Firstly, let's prove that the number of die rolls can never be less than 2. Suppose one die roll could generate an integer. Then the probability of that integer being generated would be no less than the probability of that particular die roll, which is no less than 1/997, which is larger than 1/1001. So that integer is generated with a probability larger than 1/1001, which contradicts the uniform distribution requirement. Conclusion: the expected number of die rolls is greater than or equal to 2, with equality iff we can always do it with 2 die rolls.

Secondly, let's prove that we can't always do it with 2 die rolls. Suppose we could. Let P1 and P2 be the number of sides on the dice. Each of the P1*P2 outcomes would have to be uniquely mapped to one of the 1001 integers, with uniform distribution, meaning that P1*P2 has to be a multiple of 1001. But 1001 has more than two prime factors, while P1*P2 only has two. This is a contradiction, as a multiple of 1001 can't have fewer prime factors than 1001 itself has. Conclusion: the expected number of die rolls is greater than 2.

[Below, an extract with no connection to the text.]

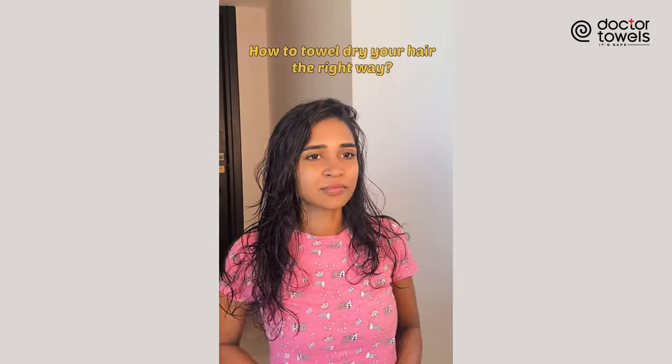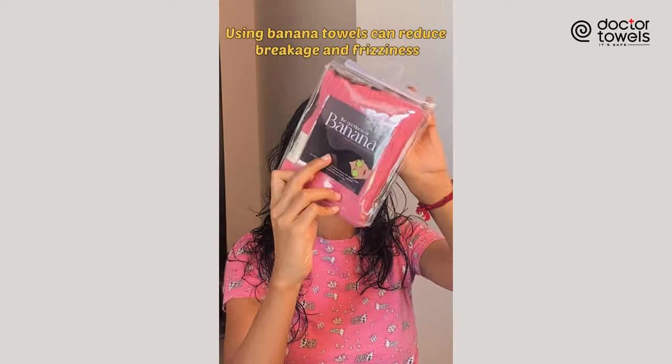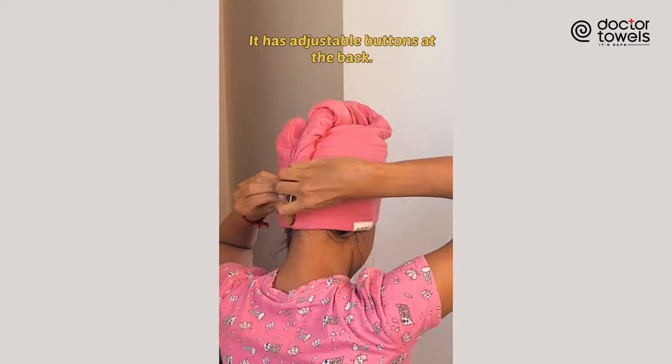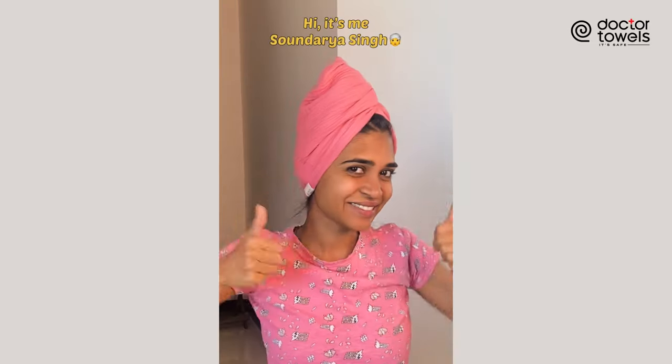Are you still using a heavy bath towel to dry your hair? Then this video is for you. I just found this amazingly thin hair towel from Dr. Towels, made with natural banana yarn. It's super light and feels incredibly soft.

Now, to continue on the path that DejMar and plasmid have beaten, let's find two dice that can be rolled with a small risk of re-rolling. Suppose we roll dice P1 and P2 such that P1*P2 = 1001n + a, where 0<a<1001. Then the risk of re-rolling is equal to a/(1001n+a), so we ideally want to minimize a while maximizing n. To maximize n, we need large P1 and P2, which leads me to start counting modulo 1001. 997 can be rewritten as 1001-4, 991 can be rewritten as 1001-10, and so on for the other large prime numbers. Making a list of these differences (4,10,18,24,30,34,48,54,60,64,72...) we seek two numbers D1 and D2 which are as small as possible (meaning P1 and P2 are large) while keeping the remainder of D1*D2/1001 as small as possible (meaning a is as small as possible). Ideally a should be 1, and I found that 24*292 = 7008, where both 24 and 292 are found on the list of differences, and 7008 = 7*1001+1. Going back to the original primes, we have 1001-24 = 977 and 1001-292 = 709. 977*709 = 692693 = 692*1001+1. We could roll the 977-sided die (result x) and the 709-sided die (result y), and calculate 977*(y-1)+x which uniformly yields an integer result between 1 and 692693 inclusive. For results 1 through 692692, divide by 1001 and let the remainder be your integer between 1 and 1001 inclusive. For result 692693, re-roll.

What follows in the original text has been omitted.